I found this book through the Oxford English Dictionary, which quotes from the book for the definition of the following words: alterne (n); letty (adj.); old land (n); pack (n1); pantheistical (adj); piend (n); planated (adj); puberulent (adj); quop (v); rames (n); ravel (n2); remanent (adj); resection (n); ripple mark (n); ruga (n); rush (n1); tardigrade (n and adj). Tardigrade was the word I was looking up, and I was intrigued by the title in the quotation, and so ordered it through interlibrary loan. Several weeks later it arrived from Trinity College, Dublin. A slim volume with a lovely cover and a less-lovely interior design that could not be taken from the library that had acquired it for me, I found a corner near a window and began to read.

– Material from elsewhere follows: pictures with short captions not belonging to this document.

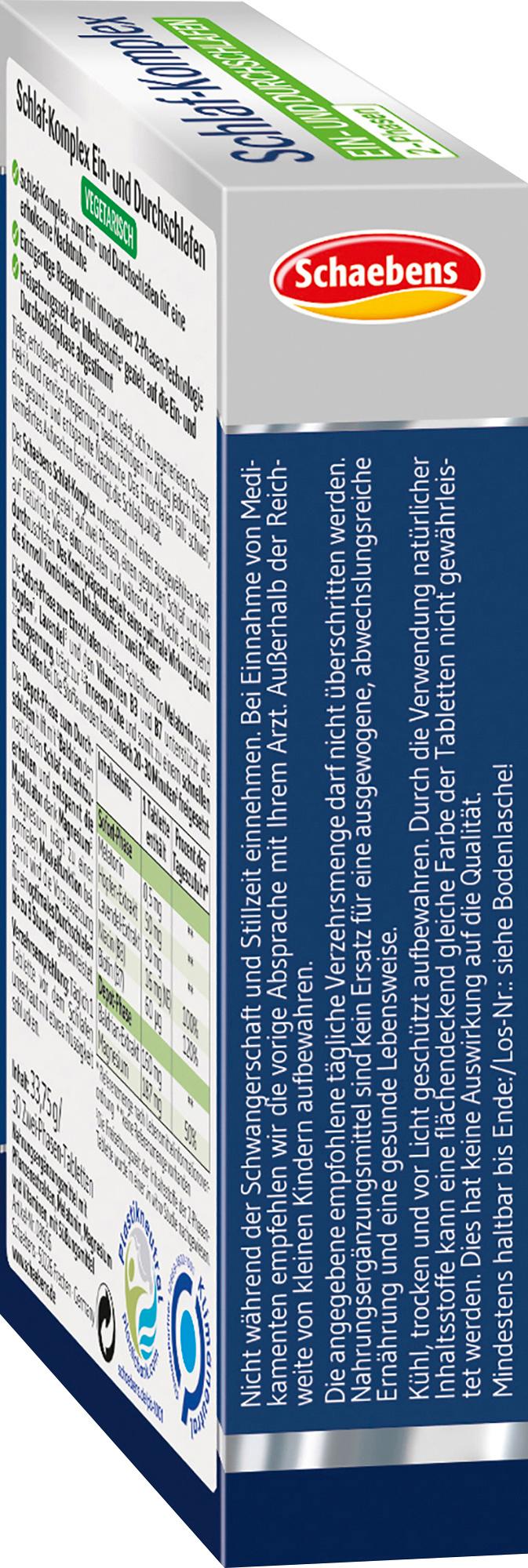 Produktbild Schaebens Schlaf-Komplex 2 Phasen 1,5 mg Melatonin 4 von 6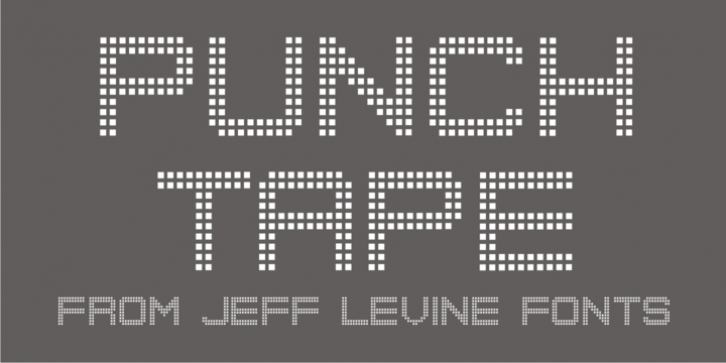 Punch Tape JNL font preview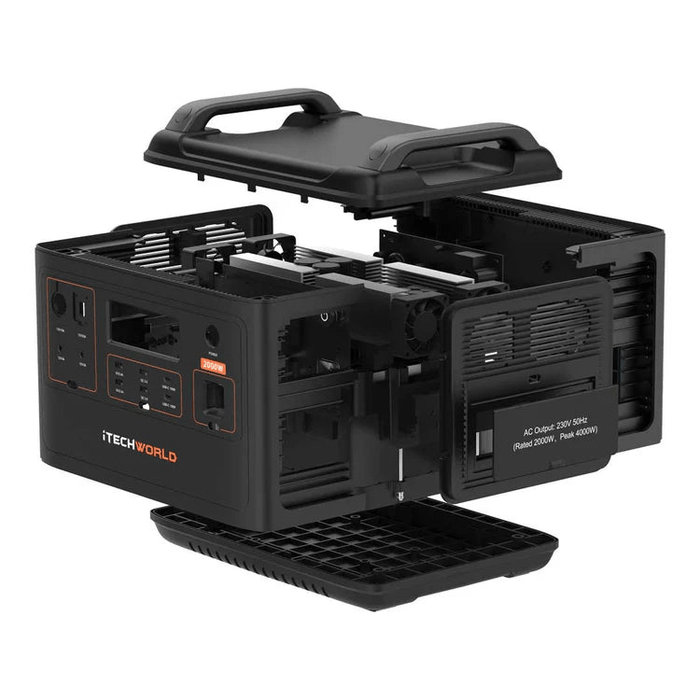 iTechWorld PS2000 Portable Lithium Power Station | 2000W 2048Wh - Cap Rouge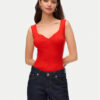 Vero Moda топ Willow 10326450 Червен Slim Fit за Жени цена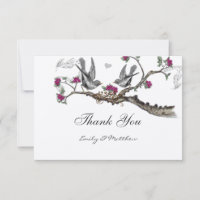 Fuchsia & Gris Faire-Part de Mariage Vintage Oisea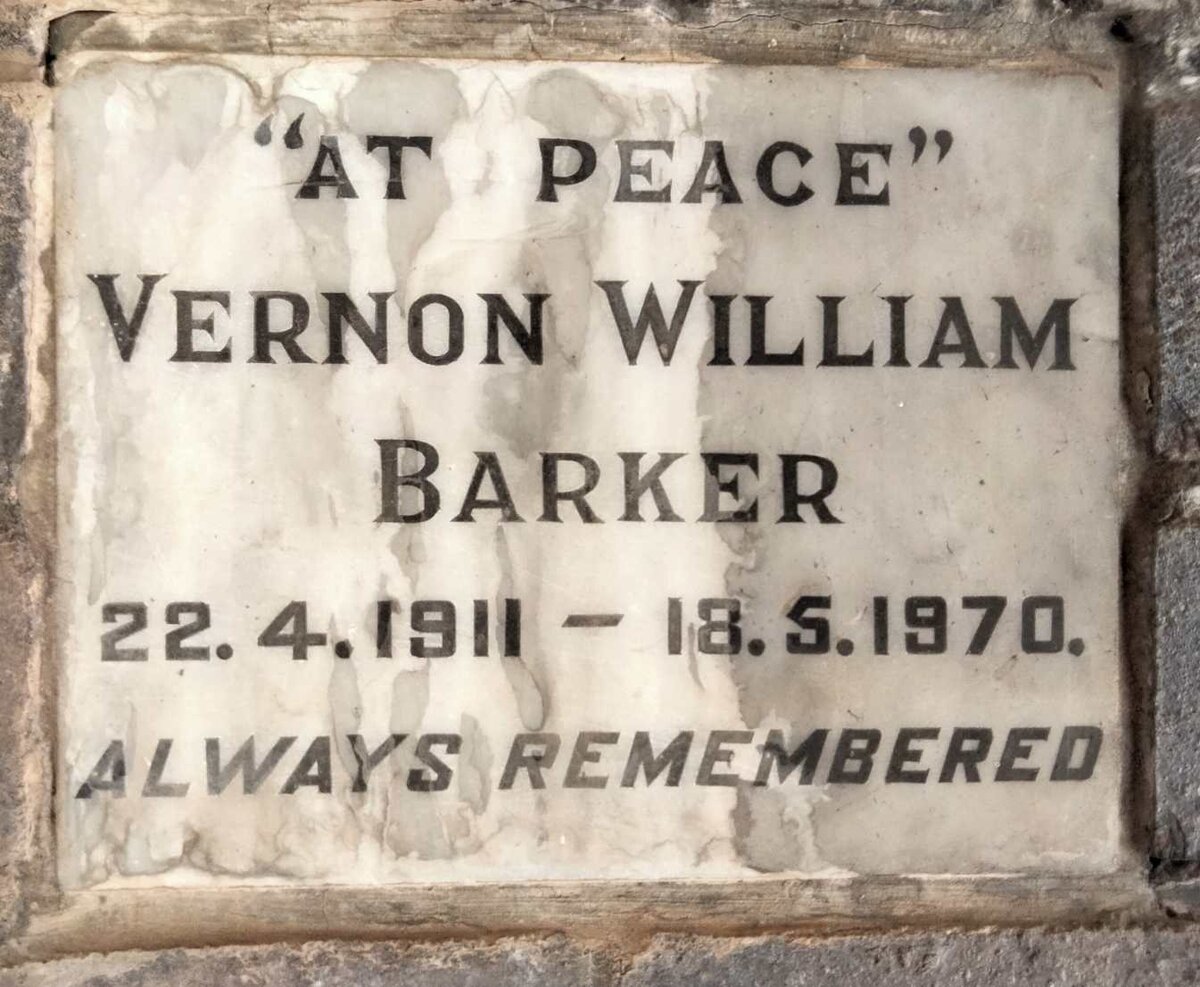 BARKER Vernon William 1911-1970
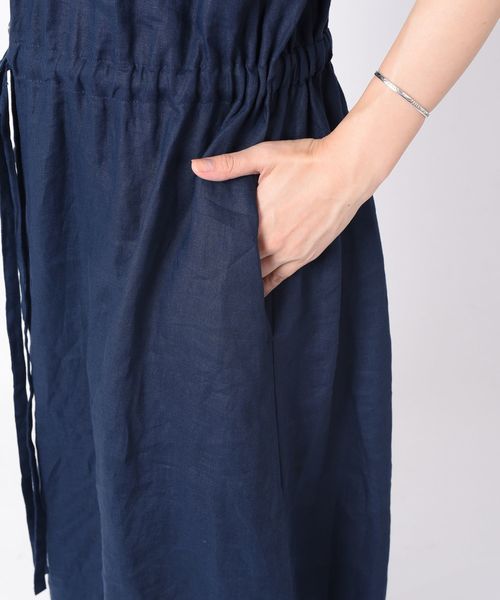 liflattie ships（リフラティ シップス）の「liflattie ships:リネンオープンワンピース◇（ワンピース・レディース・ネイビー/カーキ/パープル・SMALL/MEDIUM）」の14枚目の写真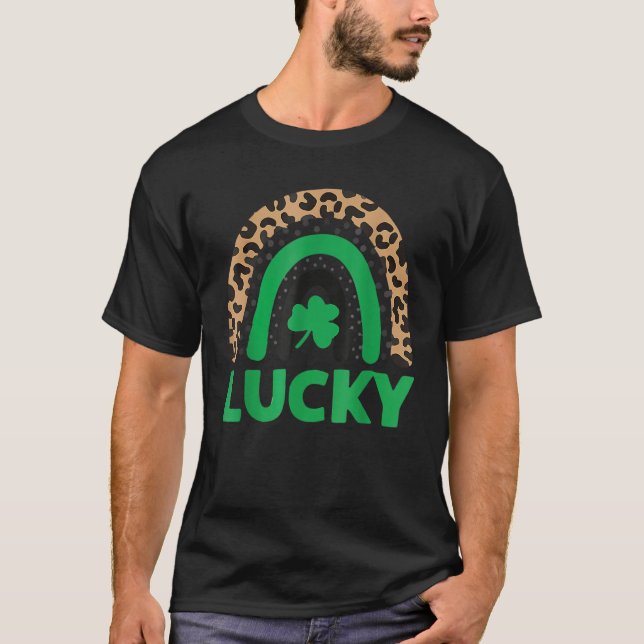 Camiseta Lucky Rainbow Shamrock St Patricks Day 2022 (Anverso)
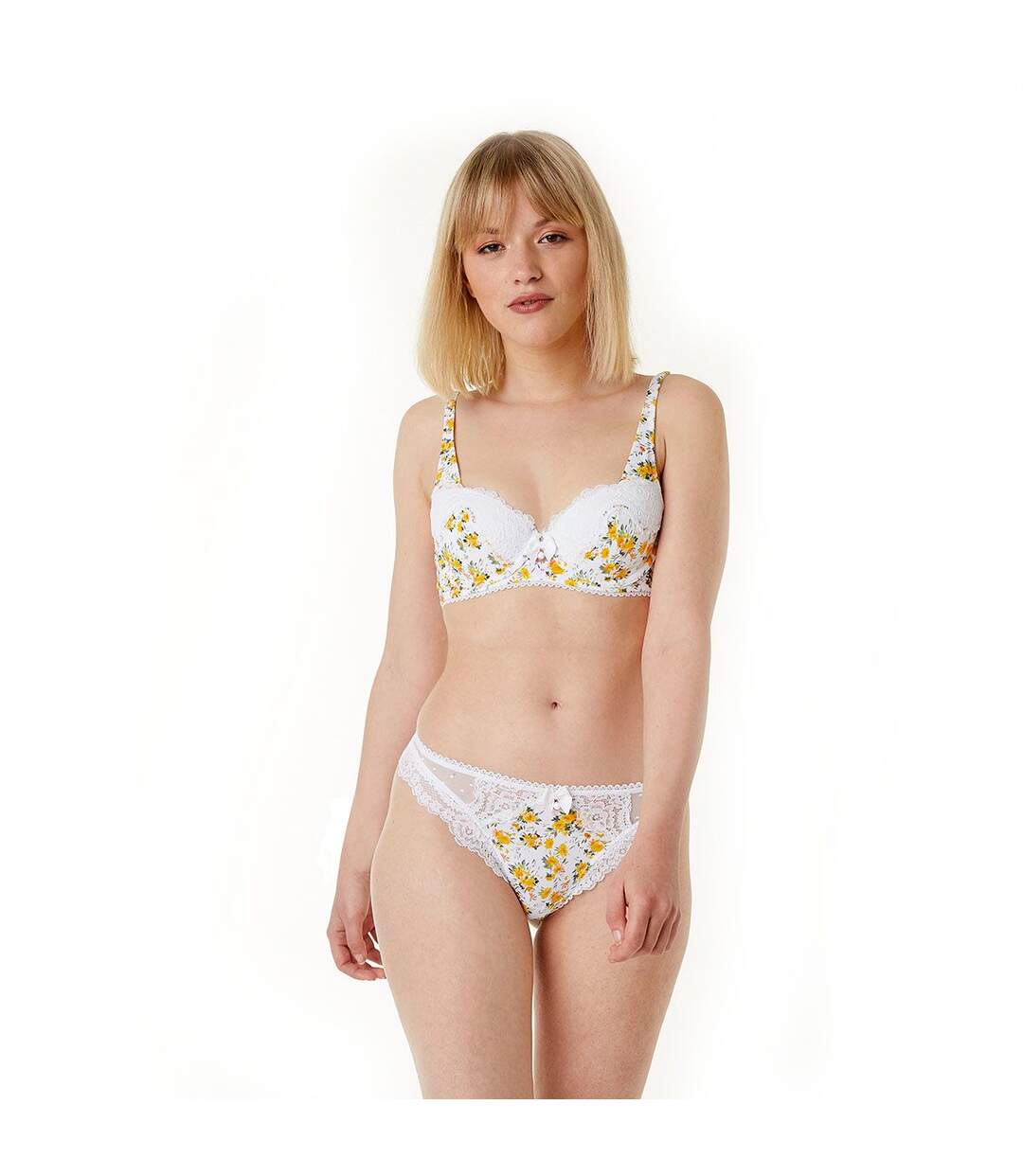 Soutien-gorge ampliforme coque moulée jaune Joli Minois-3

This appears to be the poet’s first book, though according to his biographyon the Salt Publishing website he has several others. And this is a book that I read with the OED open in front of me. Puverulent (Consisting of or having the form of powder or dust). Arenaceous (Having the appearance or consistency of sand; sandy; largely composed of sand or quartz grains). It’s clear that he is, as his biography says, a lexicographer. And I’m a sucker for obscure, rich, sonorous vocabulary. Still, something about these verses seem to be more about showing off than creating a sensation, semantic or resonant.

I am intrigued by the alteration between verse and prose, with the modernist affectations of abbreviation and elision (th instead of the, yr instead of year, etc.). But the verse, despite the obfuscation of the archaic vocabulary, falls so readily into the empty pastoral threaded through with a seemingly easy and unquestioned nostalgia for a glorious history.